[What is required]: Starting from the line that contains "Checkered Sequin Mini Pencil Skirt", give back every line through the end of the listing exactly as written and no other line.

>>>>>

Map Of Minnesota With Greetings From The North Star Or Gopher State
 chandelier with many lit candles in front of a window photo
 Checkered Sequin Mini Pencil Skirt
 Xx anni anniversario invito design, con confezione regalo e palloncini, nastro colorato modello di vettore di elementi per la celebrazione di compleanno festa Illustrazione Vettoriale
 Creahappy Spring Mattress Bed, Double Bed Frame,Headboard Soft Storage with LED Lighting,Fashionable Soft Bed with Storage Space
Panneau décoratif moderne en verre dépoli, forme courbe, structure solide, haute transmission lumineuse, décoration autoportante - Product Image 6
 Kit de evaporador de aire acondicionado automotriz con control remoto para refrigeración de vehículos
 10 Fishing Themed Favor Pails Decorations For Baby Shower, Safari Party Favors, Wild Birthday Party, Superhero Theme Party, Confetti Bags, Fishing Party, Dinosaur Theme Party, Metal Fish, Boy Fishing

<<<<<

[Answer area]:
 Checkered Sequin Mini Pencil Skirt
 Xx anni anniversario invito design, con confezione regalo e palloncini, nastro colorato modello di vettore di elementi per la celebrazione di compleanno festa Illustrazione Vettoriale
 Creahappy Spring Mattress Bed, Double Bed Frame,Headboard Soft Storage with LED Lighting,Fashionable Soft Bed with Storage Space
Panneau décoratif moderne en verre dépoli, forme courbe, structure solide, haute transmission lumineuse, décoration autoportante - Product Image 6
 Kit de evaporador de aire acondicionado automotriz con control remoto para refrigeración de vehículos
 10 Fishing Themed Favor Pails Decorations For Baby Shower, Safari Party Favors, Wild Birthday Party, Superhero Theme Party, Confetti Bags, Fishing Party, Dinosaur Theme Party, Metal Fish, Boy Fishing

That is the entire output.